▶ **Exercise aim**
For the material below, set down exactly the lines between the one containing "bonus room with" and the last line, both included, leaving every picture out.

▶ **Available data**
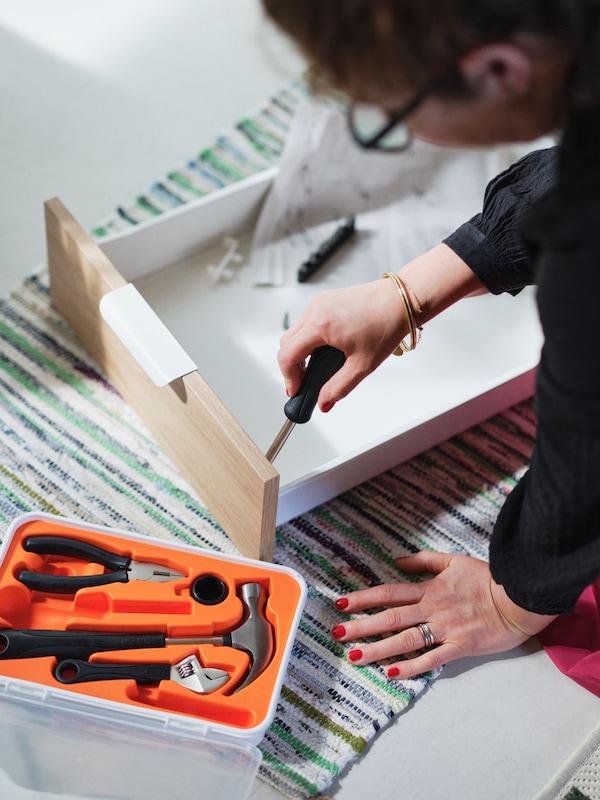 A woman is sitting on the floor while putting together a drawer using a screwdriver from the FIXA 17-piece tool set.
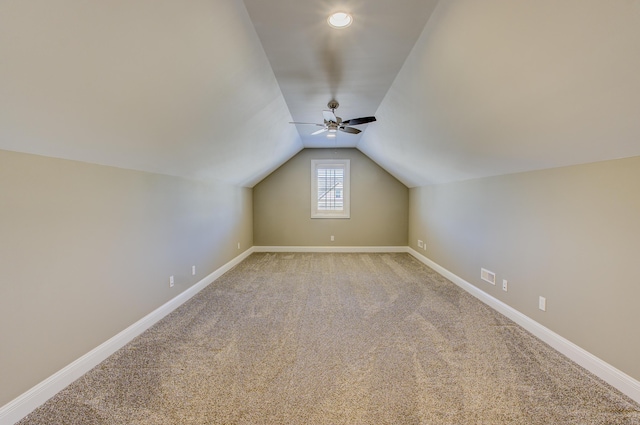 bonus room with ceiling fan, lofted ceiling, and light carpet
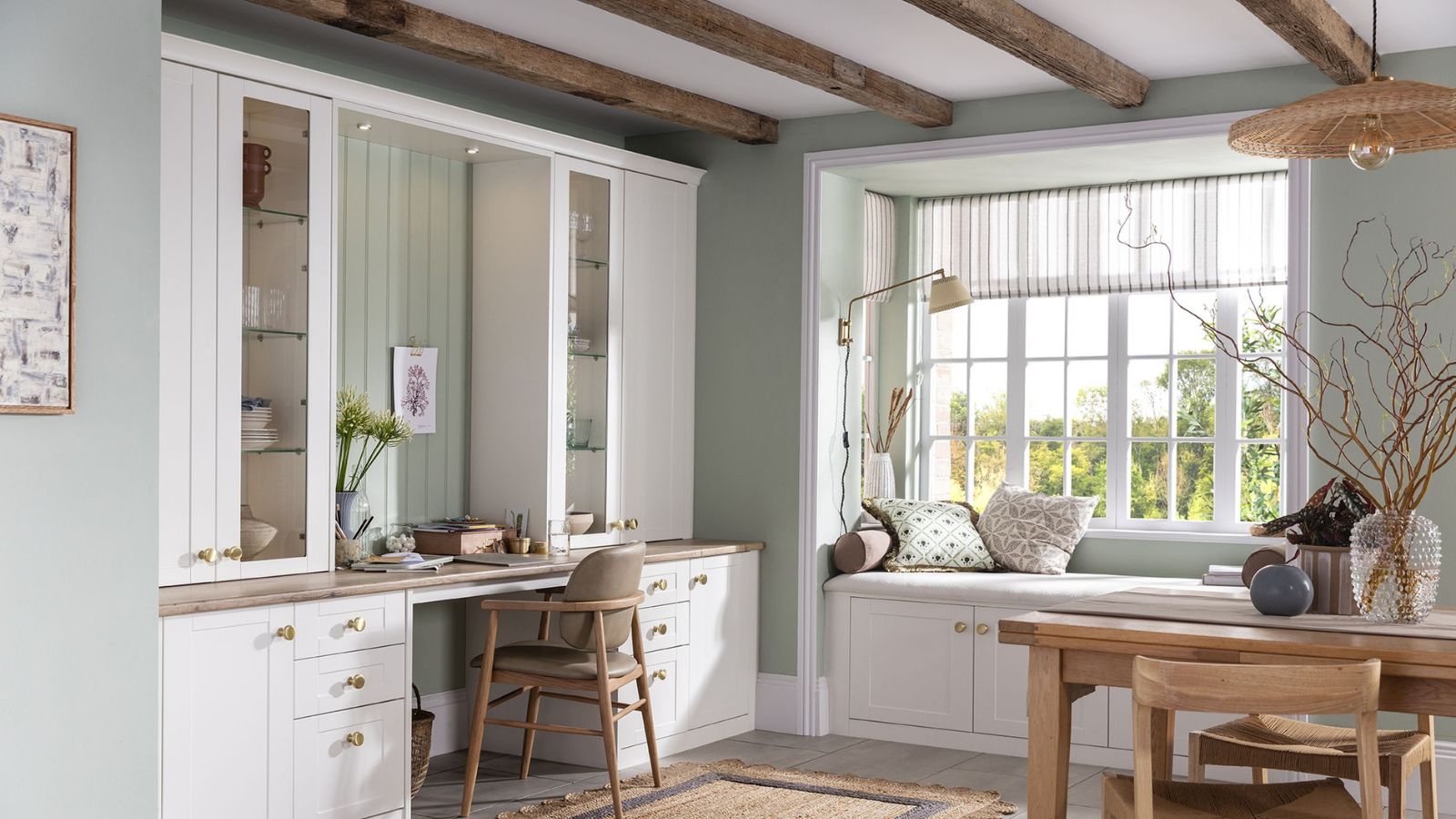 A soft green dining room is shown with built-in white cabinetry forming a small desk area, complete with a wooden chair and glass-fronted cupboards. To the right, a large bay window with a cushioned window seat brings in natural light, framed by striped blinds and scattered patterned pillows.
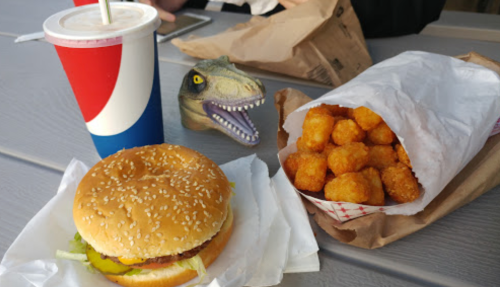 A sesame seed burger, tater tots in a bag, a drink, and a toy dinosaur on a table.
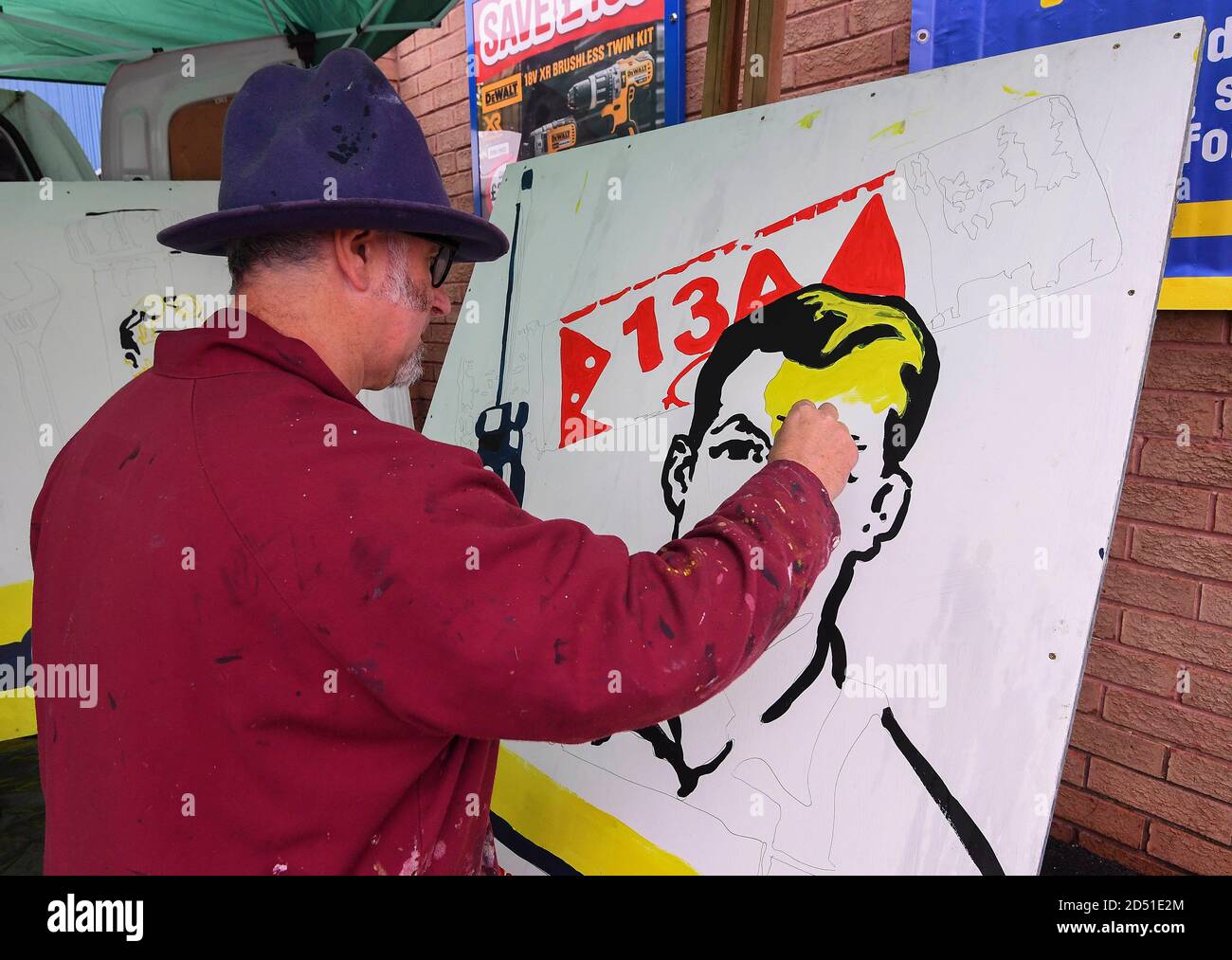 EDITORIAL USE ONLY Artist Trafford Parsons, who has previously worked and exhibited with Banksy, launches Toolstation's live art installation series celebrating the trades industry at the opening of the new Toolstation store in Pudsey, West Yorkshire. Stock Photo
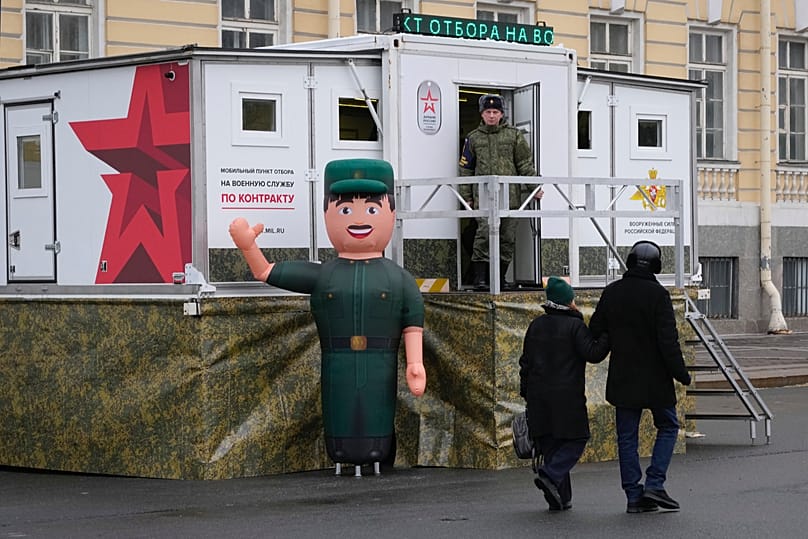 FILE: People walk past a mobile recruiting center set up near a military-historical exhibition in St. Petersburg, Russia, Saturday, Jan. 27, 2024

▶ **Answer to this problem**
 bonus room with ceiling fan, lofted ceiling, and light carpet
 A soft green dining room is shown with built-in white cabinetry forming a small desk area, complete with a wooden chair and glass-fronted cupboards. To the right, a large bay window with a cushioned window seat brings in natural light, framed by striped blinds and scattered patterned pillows.
 A sesame seed burger, tater tots in a bag, a drink, and a toy dinosaur on a table.
 EDITORIAL USE ONLY Artist Trafford Parsons, who has previously worked and exhibited with Banksy, launches Toolstation's live art installation series celebrating the trades industry at the opening of the new Toolstation store in Pudsey, West Yorkshire. Stock Photo
 FILE: People walk past a mobile recruiting center set up near a military-historical exhibition in St. Petersburg, Russia, Saturday, Jan. 27, 2024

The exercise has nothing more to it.